Does the Abel transform preserve analyticity?

Question

Let $I=(0,1]$ and $T=\{(x,y)\in I^2;x\geq y\}$. If functions $f:I\to\mathbb R$ and $w:T\to\mathbb R$ are analytic, is the function $A_wf:I\to\mathbb R$, $$ A_wf(y)=\int_y^1\frac{f(x)w(x,y)}{\sqrt{x^2-y^2}}dx, $$ analytic, at least on $(0,1)$? Is there a simple argument or a reference (or a counter example) for this?

By analytic I mean real-analytic, and at the boundary of a domain ($I$ or $T$) this means that the Taylor series converges to the function in a neighborhood of any boundary point intersected with the domain. Alternatively I could require that the functions can be extended to an analytic function in an open neighborhood of the domain. I am not so much interested in analyticity of $A_wf$ at $1$, so a possible counter example should be non-analytic in $(0,1)$.

The function $A_wf$ is the Abel transform of $f$ with a weight $w$. If the general case is too complicated, you can assume that $w\equiv1$. Notice that the weight $w$ is analytic (and thus bounded) at $x=y$ as well, so the only singularity comes from the square root.

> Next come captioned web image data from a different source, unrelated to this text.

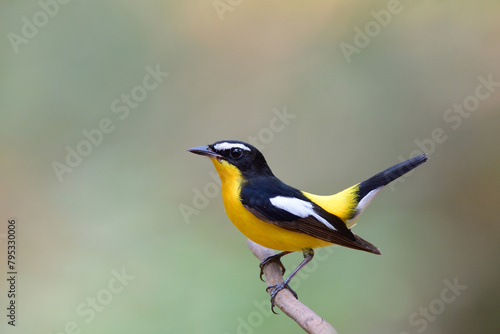 beautiful black white and yellow bird happily wagging its tail, yellow-rumped or korean flycatcher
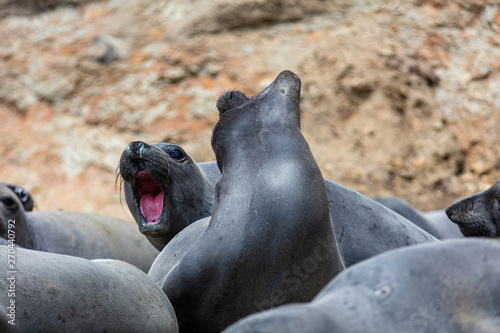 elephant seals at Point Reyes 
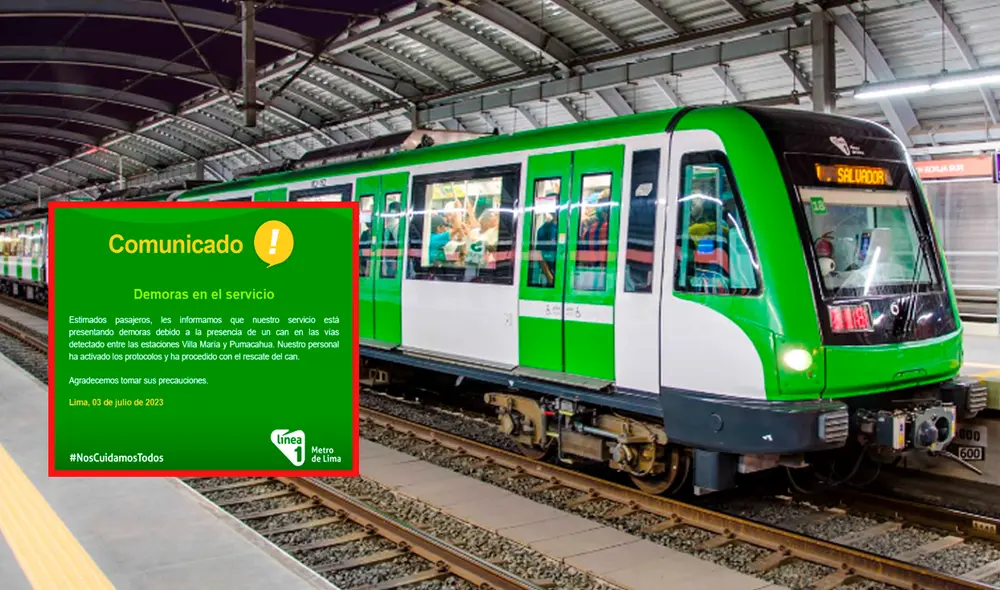 Línea 1 comunicó que activó protocolos para rescatar al can. Foto: Metro de Lima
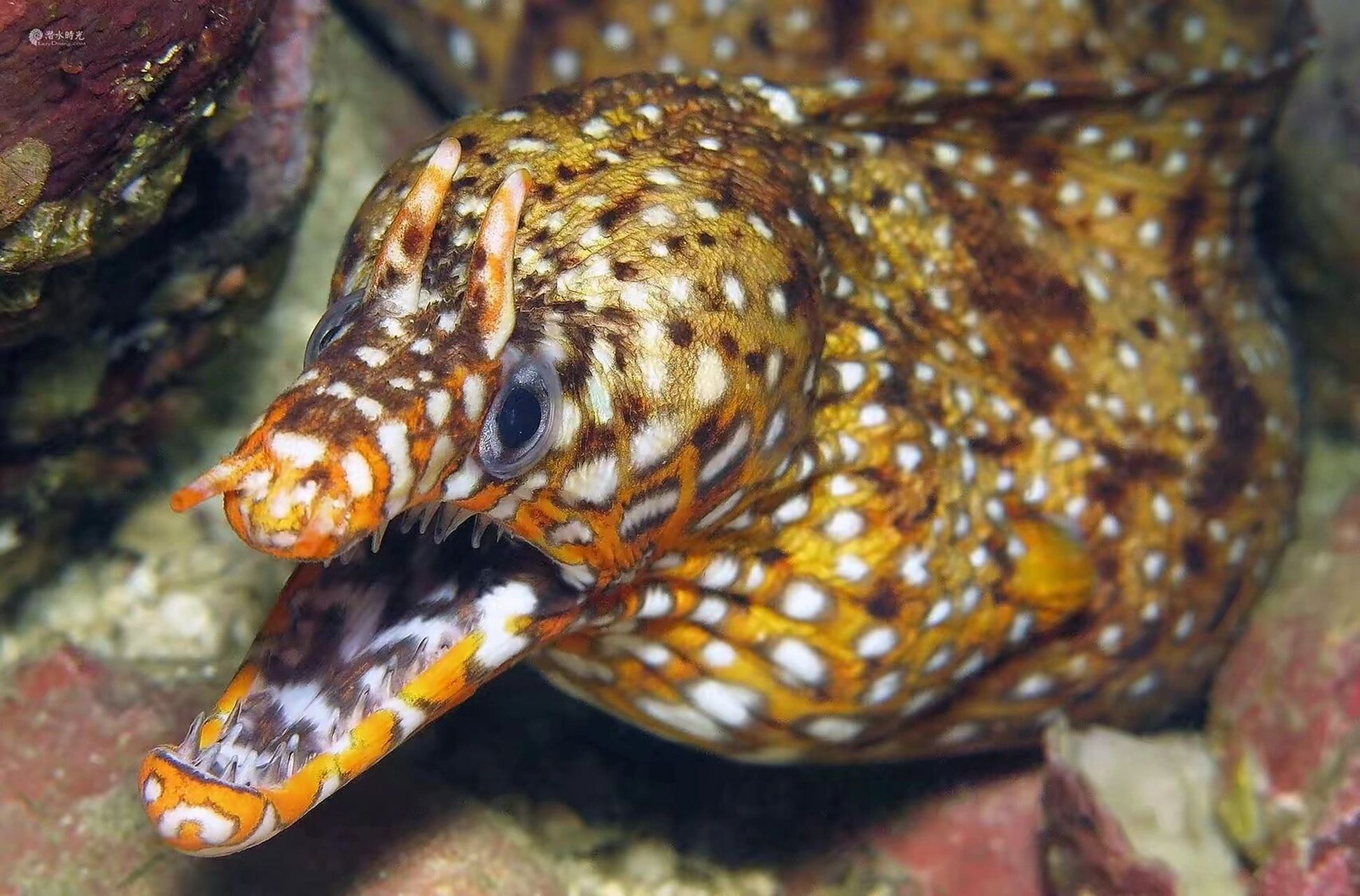 海洋生物-龙鰻 94龙鰻为鳗鲡目,海鳝科,海鳝属,鳗鱼系列品种,原产于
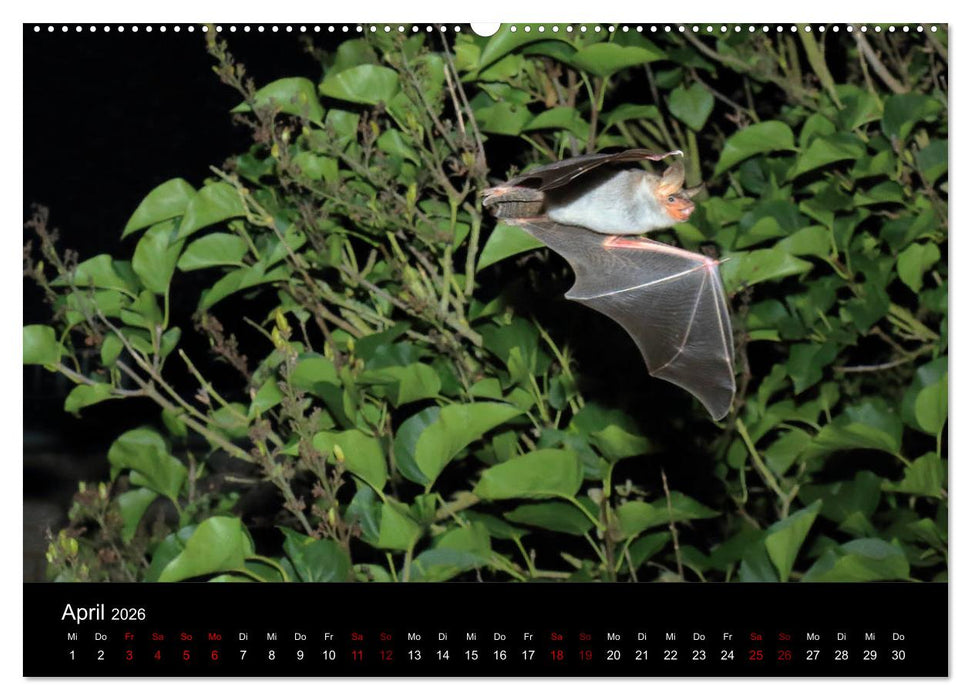 Fledermäuse - Jäger der Nacht (CALVENDO Premium Wandkalender 2026)
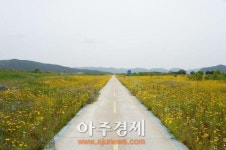 <포토>부여군, 백마강 둔치 야생화단지 장관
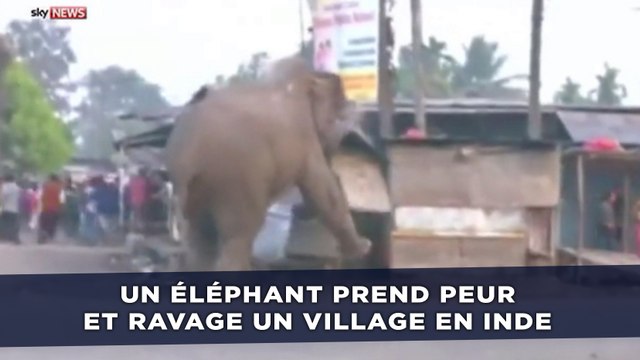 Un éléphant détruit une centaine d'habitations dans un village en Inde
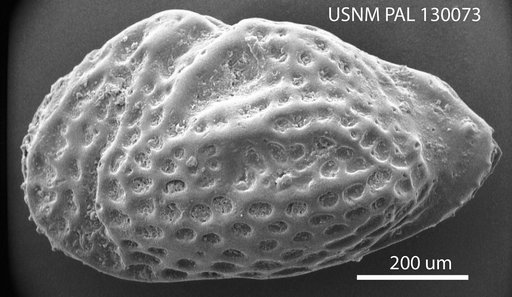 Cythereis rectangulopora (Berry)
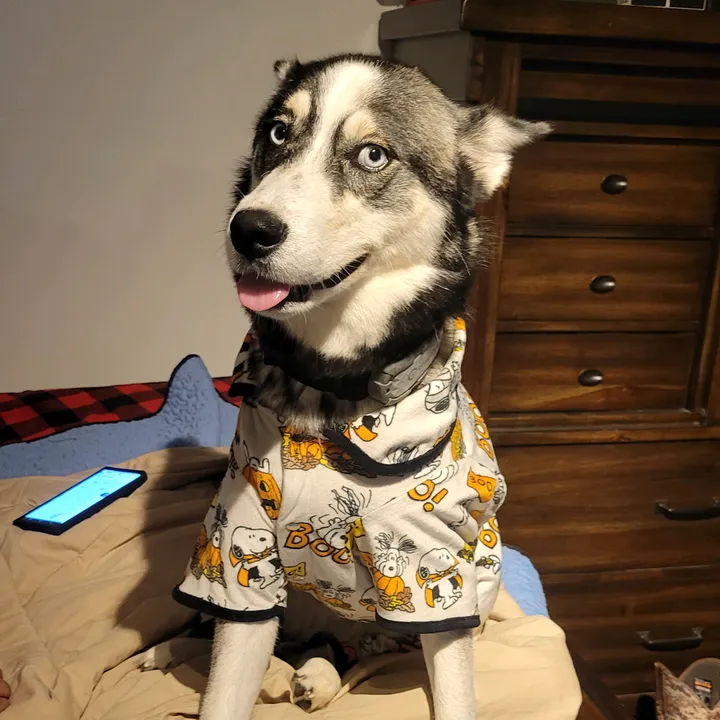 @kpbrutcher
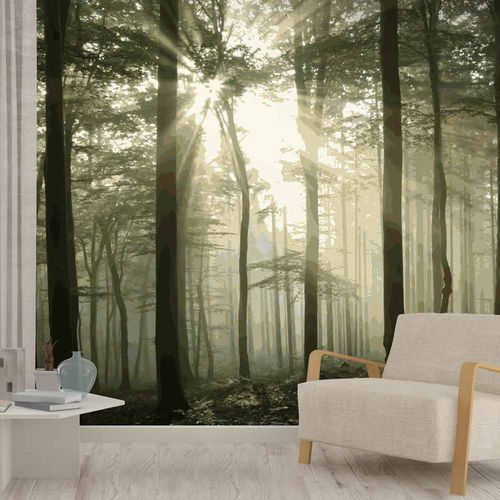 Carta da parati contemporanea - FURESTA FT1507 - LGD01 décor mural sur mesure - con motivi naturali / panoramica / aspetto tessuto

Since all ingredients are analytic, it seems that $A_wf$ should be analytic, but I do not see how to turn this into a rigorous argument. Singularity of the integrand at $x=y$ makes differentiation of $A_wf$ inconvenient, so a brute force calculation looks like a messy path.

Answer 1

Here's a suggestion: Let $y_0$ be real. Then $w(z,w)$ exists as a holomorphic function on a complex polydisk neighborhood $U$ of the point $(y_0,y_0)$. Let $(y,y)$ be in this neighborhood, then define $$ A_wf(y)=\int_{y}^{y_0}\frac{f(x)w(x,y)}{\sqrt{x^2-y^2}}\,dx +\int_{y_0}^{1}\frac{f(x)w(x,y)}{\sqrt{x^2-y^2}}\,dx. $$ Here the integrals are understood as path intgerals along straight lines.The second integral is analytic in $y$. The first is, too, as you see when you replace $f(x)w(x,y)$ with its Taylor-series around the point $(y_0,y_0)$.